Telemedicine for wound management
Telemedicine is the use of information technology and electronic communication to allow healthcare professionals to evaluate, diagnose and treat patients at a distance. It typically includes various forms of video consultation or digital transmission of medical imaging and other clinical data.
Transmission of digital photographs has been used within ulcer care in Denmark since 2005, resulting in the reduction of waiting time, ulcer healing time and transportation, the latter of which can often be uncomfortable or painful for the patient.15 Another example is a telemedicine wound care model, which has produced reductions in both hospital admissions and patient transportations.16 The use of three-dimensional images has shown high concordance with inperson consultation for assessment and measurement of wounds.17
Video communication is widely used within different medical specialties today, though thorough documentation and evaluation is insufficient.18 However, there is a lack of use of this technology for ulcer care, even though its focus on the visual is considered ideal for wound management.19 Video communication could be a useful tool, especially in primary care, where there is a need for national guidelines8 as well as dedicated doctors and nurses for wound management.
The aim of this study was to compare video consultation with inperson assessment for patients with hard-to-heal ulcers, in terms of healing time and waiting time.
Methods
Study population and variables
The first study was an analysis of healing time for patients diagnosed through video consultation at BWHC West (study group) compared with patients diagnosed through inperson assessment based on data from RUT (control group) (table 1).
Table 1.
Healing time study | Waiting time study | |||
Participants | Study group (n=100) | Control group (n=1888) | Study group (n=100) | Patients at BWHC East (n=100) |
Assessment | Video consultation | Inperson assessment | Video consultation | Inperson assessment |
Setting | Patients at BWHC West | Patients from RUT | Patients at BWHC West | Patients at BWHC East |
Inclusion | Consecutively included | All patients registered in RUT during the study period | Consecutively included | Consecutively included |
Inclusion criteria | Age >18; women and men; ulcers of any aetiology, severity, size and duration | |||
Exclusion criteria | Age <18 Patients with dementia |
Age <18* | Age <18 Patients with dementia |
Age <18* |
Study period | 1 October 2014 to 30 September 2016 | |||
Consent | Written consent mandatory | Oral consent according to Swedish registries | Written consent mandatory | Oral consent according to Swedish registries |
*Patients in the control group (the registry) were included regardless of dementia status, since dementia is not recorded in the registry.
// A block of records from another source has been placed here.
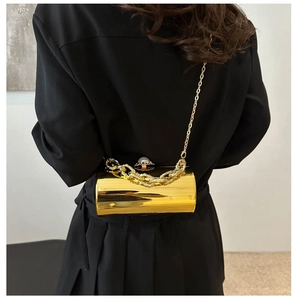 Goldene zylindrische Abendtasche aus Acryl mit Perlenverschluss und Kettenriemen am Modell
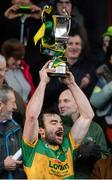 29 November 2015; Clonmel Commercials captain Kevin Harney lifts the cup after the game. AIB Munster GAA Senior Club Football Championship Final, Nemo Rangers v Clonmel Commercials. Mallow GAA Grounds, Mallow, Co. Cork. Picture credit: Piaras Ó Mídheach / SPORTSFILE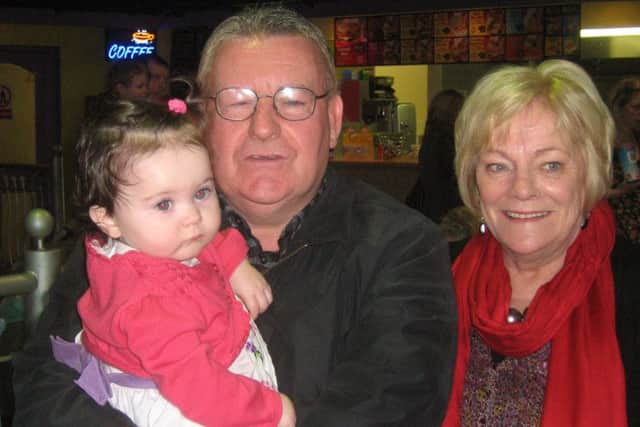 Tony Hassan pictured with his wife Christine and their granddaughter Tara.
BWHC, Blekinge Wound Healing Centre; RUT, Registry of Ulcer Treatment.
The second study was a supplementary analysis of the waiting time for a doctor’s consultation for patients diagnosed through video consultation at BWHC West (study group) compared with patients diagnosed through inperson assessment at a comparable clinic (BWHC East) (table 1). The reason this supplementary analysis was needed is that waiting time is not recorded in RUT.
Our study included ulcers of any aetiology, severity, size and duration. It is possible to register ulcers in RUT from the day they occur (day 0) if patients or staff believe that there will be a prolonged total healing time. The number of patients in the study group was chosen according to the expected number of new undiagnosed patients seeking treatment at BWHC West and BWHC East, respectively, over 2 years.
Every patient in the study group (n=100) gave their written consent. Every patient in the control group (n=1888) gave their oral consent consistent with the principles of Swedish national quality registries.
The healing time study
Study group
The patients were initially assessed during a nurse visit, with measurements taken according to RUT.12 Ulcer size was measured by a planimeter. During this visit, the patient received an iPad programmed with Skype for the upcoming video consultation between the general practitioner (GP) at BWHC and the patient accompanied by the assigned nurse. All iPads had mobile internet access to avoid any need to use the patients’ home Wi-Fi. The iPads had a one-time cost of 325 GBP (US$439) per unit; the software (Skype) was free, and there was a negligible cost for internet access.
Each video consultation took place in the patient’s home or in the primary healthcare centre. During this consultation, the doctor established the ulcer diagnosis and an appropriate treatment strategy which could be carried out by the assigned nurse under supervision. The patient and the treatment strategy were followed up according to general clinical routines. Documentation of the video consultation was transferred to the patient’s medical record.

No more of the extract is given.